Belangrijkste concepten
The core message of this work is to derive new hierarchical generalization error bounds for deep neural networks (DNNs) using information-theoretic measures. The bounds capture the effect of network depth and quantify the contraction of relevant information measures as the layer index increases, highlighting the benefits of deep models for learning.
Samenvatting
The paper presents two new hierarchical generalization error bounds for deep neural networks (DNNs):
- KL Divergence Bound:
- This bound refines previous results by bounding the generalization error in terms of the Kullback-Leibler (KL) divergence and mutual information associated with the internal representations of each layer.
- The bound shrinks as the layer count increases, can adapt to layers of low complexity, and highlights the benefits of depth for learning.
- Wasserstein Distance Bound:
- This bound accounts for Lipschitz continuous losses and employs the 1-Wasserstein distance.
- It suggests the existence of a DNN layer that minimizes the generalization upper bound, acting as a "generalization funnel" layer.

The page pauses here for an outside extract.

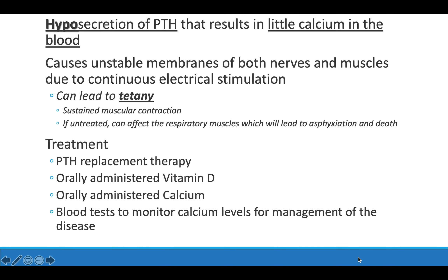Hypocalcemia is when you have low calcium in the blood. This affects both nerves and muscles because of continuous electrical stimulation, which can lead to tetany — prolonged muscle contraction where you can't relax. If left untreated, muscles can literally die due to lack of oxygen. Treatment includes parathyroid replacement therapy, vitamin D and calcium taken orally through medication, and monitoring calcium levels to track the progression of the disorder.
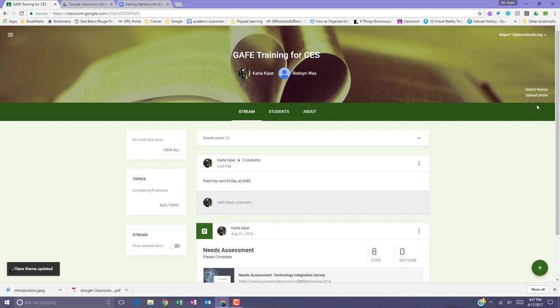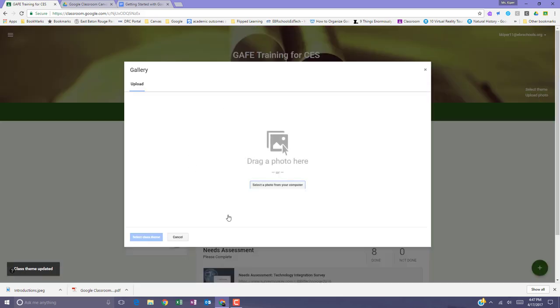You can also use the upload photo option to create a custom classroom theme. The photo needs to be uploaded to your computer.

To quantify the contraction of the relevant information measures in the hierarchical KL divergence bound, the authors use the strong data processing inequality (SDPI). They consider three popular randomized regularization techniques: Dropout, DropConnect, and Gaussian noise injection.
The analysis demonstrates that the product of the contraction coefficients across the layers vanishes as the network depth and dropout probabilities (or noise level) increase, or the layer widths decrease. This highlights the advantage of deep network architectures and stochasticity.
The authors also instantiate their results for the Gibbs algorithm, yielding an O(1/n) generalization bound that decreases monotonically as the product of the contraction coefficients shrinks. Finally, they visualize the bounds and their dependence on the problem parameters using a simple numerical example of a DNN with a finite parameter space, showing that a deeper but narrower neural network architecture yields better generalization performance.
Statistieken
The generalization error is bounded by σ√(2/n) * sqrt(sum of mutual information terms) + I(Y; W), where σ is the sub-Gaussianity parameter of the loss function.
The product of the SDPI contraction coefficients across the layers vanishes as the network depth and dropout probabilities (or noise level) increase, or the layer widths decrease.
For the Gibbs algorithm, the generalization bound is O(1/n) and decreases monotonically as the product of the contraction coefficients shrinks.
Citaten
"The core message of this work is to derive new hierarchical generalization error bounds for deep neural networks (DNNs) using information-theoretic measures."
"The analysis demonstrates that the product of the contraction coefficients across the layers vanishes as the network depth and dropout probabilities (or noise level) increase, or the layer widths decrease. This highlights the advantage of deep network architectures and stochasticity."